# [TASK ITEM]
Copy out the data that comes next, character for character, and leave the images aside.

# [PROVIDED DATA]
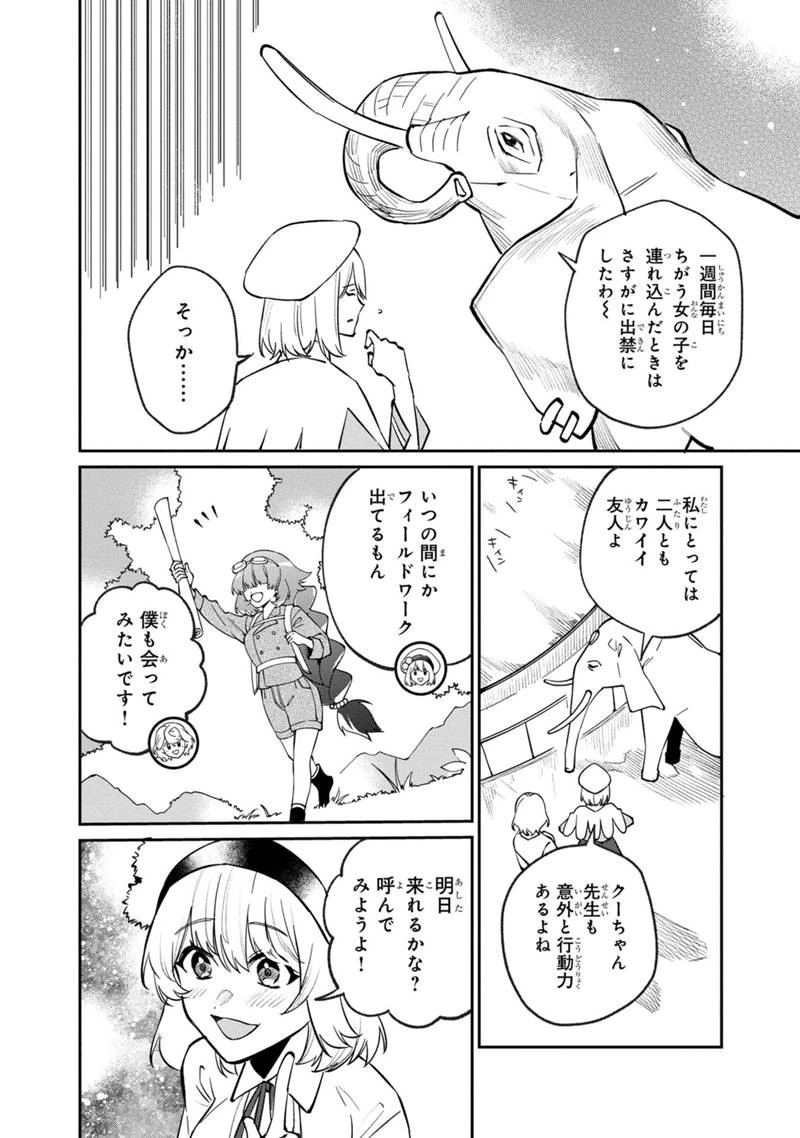 僕のかわいい娘は双子の賢者　～特技がデバフの底辺黒魔導士、育てた双子の娘がＳランクの大賢者になってしまう～;Bokunokawaīmusumewafutagonokenja~tokugigadebafunoteihenkuromadō-shi 第47話 - 14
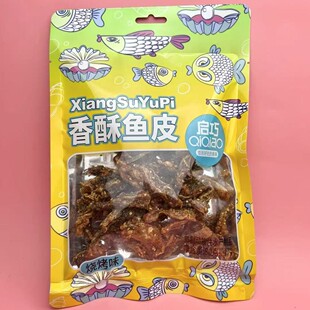 ���ݴ��b����ζ�L�~Ƥ����ζ��֭�����~Ƥ���rС�����l֧�ִ��l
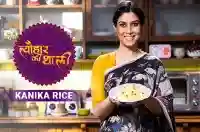 Sakshi Tanwar makes Kanika Rice for Raja Sankranti  | #TyohaarKiThaali Special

# [RESULT FOR THIS TASK]
 僕のかわいい娘は双子の賢者　～特技がデバフの底辺黒魔導士、育てた双子の娘がＳランクの大賢者になってしまう～;Bokunokawaīmusumewafutagonokenja~tokugigadebafunoteihenkuromadō-shi 第47話 - 14
 ���ݴ��b����ζ�L�~Ƥ����ζ��֭�����~Ƥ���rС�����l֧�ִ��l
 Sakshi Tanwar makes Kanika Rice for Raja Sankranti  | #TyohaarKiThaali Special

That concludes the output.